Confirm that that service restarted by inspecting it with journalctl.
For example, if you restart the nginx service, you can run:
sudo journalctl -fu nginx
Info
If you are on a cluster, make sure you are looking on the node where that service is running. For example, the opensearch service runs on the opensearch instance.
Next, test the "Privilege Escalation" action. First choose to disable it and then enable it. Validate that the action was successful by running the following command in between both actions:
# Run this as the cluster user (uid 9001)
sudo whoami
#
Hibernation
Go to the "Actions" tab and press the "Hibernate" button on the "Hibernate" card.
Wait for the deployment to go into hibernation, you should see all the instances go into the "stopped" state.
Once the deployment is hibernated, you can wake it up by pressing the "Wake Up" button in the same location. Monitor that all the instances come back up and are in the running state.
Once the deployment is back up, you can visit the configured domain and confirm that the site is still working. If you initially do not see the site, wait a couple minutes and try again.
#
Auto Scaling
Info
Skip this step if you are testing an All-In-One deployment.
You might notice that new deployments no longer have the autoscaling tab available. Old deployments will still have it available, but new deployments will not.
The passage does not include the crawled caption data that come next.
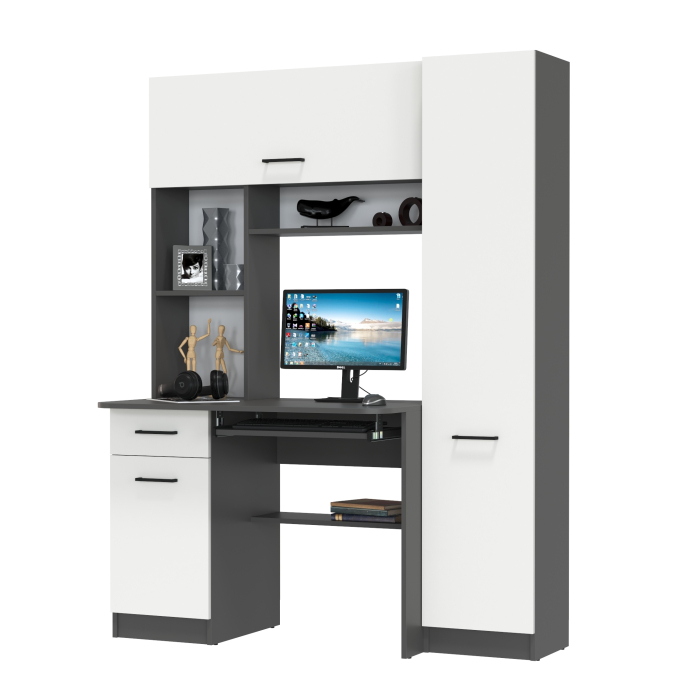 Прямые компьютерные столы, Стол рабочий Aльфа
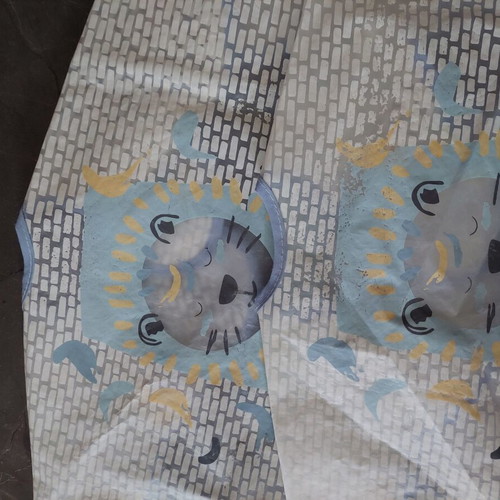 Kikkaboo Arty Waterproof Bib with Sleeves and Food Collector 4m+ Blue like new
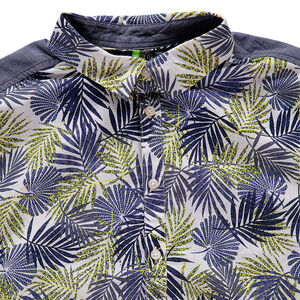 Junior - Chemise manches courtes avec imprimé végétal all-over 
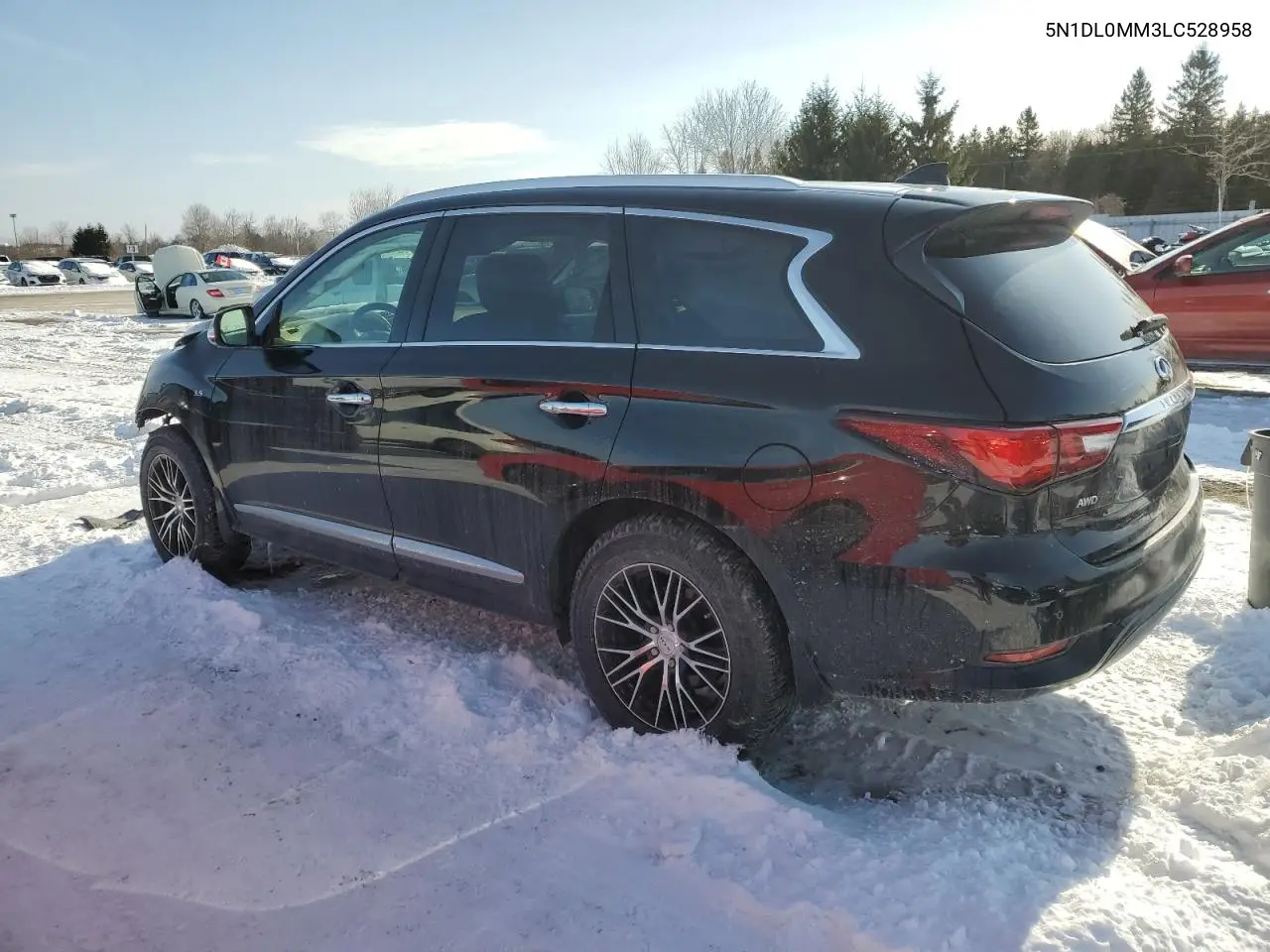 2020 Infiniti Qx60 Luxe VIN: 5N1DL0MM3LC528958 Lot: 43874275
You will need to modify the desired capacity of the web tier through the "Adjust" tab instead.
Go to the "Adjust" tab and click on "AutoScaling Web Configuration". Change the "Min Nodes" and "Max Nodes" values to 2 and press the "Update" button.
You can wait for the nodes to register themselves by running watch cluster list on the jump host.
Make sure that the new node is marked as "HEALTHY" and that the site is still working.
#
Monitoring
Once your deployment has had some time to run, you visit the "Monitoring" tab to ensure that all the metrics are being collected. Look for any anomalies in the metrics and report them. If there are gaps in the metrics, it is likely there is a sizing issue.
#
Clone
If your test specifies to clone the deployment, then you can do so by going to the "Settings" tab and interacting with the "Clone" interface. No instructions on how to clone are provided here because it will be interesting to see how you would figure it out on your own. Please leave feedback in notes.
#
Cleanup
You are all done! Thank you for your help! You can now delete your deployment by going to the "Settings" tab. Type your deployment name in the field and press the "Delete" button.